#### [Work request]
For this exercise, repeat the records below exactly as written.

#### [Material to process]

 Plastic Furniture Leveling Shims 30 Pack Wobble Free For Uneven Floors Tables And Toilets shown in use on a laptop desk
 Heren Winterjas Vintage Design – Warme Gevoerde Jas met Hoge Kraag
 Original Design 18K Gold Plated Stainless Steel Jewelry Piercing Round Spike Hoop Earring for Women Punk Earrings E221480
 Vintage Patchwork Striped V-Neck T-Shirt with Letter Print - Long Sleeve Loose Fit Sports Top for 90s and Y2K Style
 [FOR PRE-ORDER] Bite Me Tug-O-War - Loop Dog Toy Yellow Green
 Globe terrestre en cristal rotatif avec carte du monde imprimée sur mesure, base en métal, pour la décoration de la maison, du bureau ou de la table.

#### [Task output]
 Plastic Furniture Leveling Shims 30 Pack Wobble Free For Uneven Floors Tables And Toilets shown in use on a laptop desk
 Heren Winterjas Vintage Design – Warme Gevoerde Jas met Hoge Kraag
 Original Design 18K Gold Plated Stainless Steel Jewelry Piercing Round Spike Hoop Earring for Women Punk Earrings E221480
 Vintage Patchwork Striped V-Neck T-Shirt with Letter Print - Long Sleeve Loose Fit Sports Top for 90s and Y2K Style
 [FOR PRE-ORDER] Bite Me Tug-O-War - Loop Dog Toy Yellow Green
 Globe terrestre en cristal rotatif avec carte du monde imprimée sur mesure, base en métal, pour la décoration de la maison, du bureau ou de la table.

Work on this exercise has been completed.